Peut-on redresser rapidement la situation?

Selon ce même rapport de l’UTICA, la crise n’a pas encore atteint les fondamentaux micro-économiques. Les entreprises ont conservé leur capacité de production, leur marché à l’export et surtout leur capital humain. La Tunisie est encore le premier exportateur par tête d’habitant au sud de la Méditerranée. Un programme de redressement, mené par un nouveau gouvernement qui part avec un préjugé favorable, doit s’adresser à tous les acteurs concernés par l’activité économique de manière à leur donner des signaux positifs et crédibles à même de provoquer leur adhésion au programme de relance urgente de l’économie. 

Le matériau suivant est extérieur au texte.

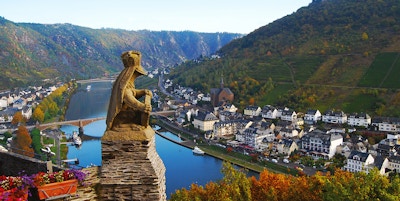 36 view from cochem castle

Chacun de ces acteurs doit percevoir, à travers ce programme, un signal le concernant, suffisamment fort,  d’une volonté de changer les choses en mieux, même si les résultats escomptés ne seront obtenus que graduellement. L’UTICA propose, une  solution politique est mise en œuvre.  

La solution politique serait un gouvernement composé de personnalités indépendantes des partis politiques, compétentes, opérationnelles et reconnues dans leurs domaines. Il s’agit de donner des signaux positifs, clairs et décidés aussi bien vis-à-vis des acteurs économiques nationaux que vis-à-vis de nos partenaires étrangers. Ainsi le nouveau gouvernement œuvrera à :

– Communiquer, de manière professionnelle, sur le plan national et international sur l’état réel et objectif de l’économie tunisienne et sur ses capacités à opérer  une reprise rapide.

– Rassurer les bailleurs de fonds sur la capacité du pays à maitriser la situation et à tenir ses engagements financiers et à mener les réformes nécessaires.

– Demander à la classe politique de tenir un discours responsable tenant compte de l’état réel de l’économie, de l’ampleur des défis et de la nécessité de la contribution de tous à l’effort de redressement économique.

– Mobiliser les acteurs nationaux autour du défi du repositionnement du travail comme valeur sociale.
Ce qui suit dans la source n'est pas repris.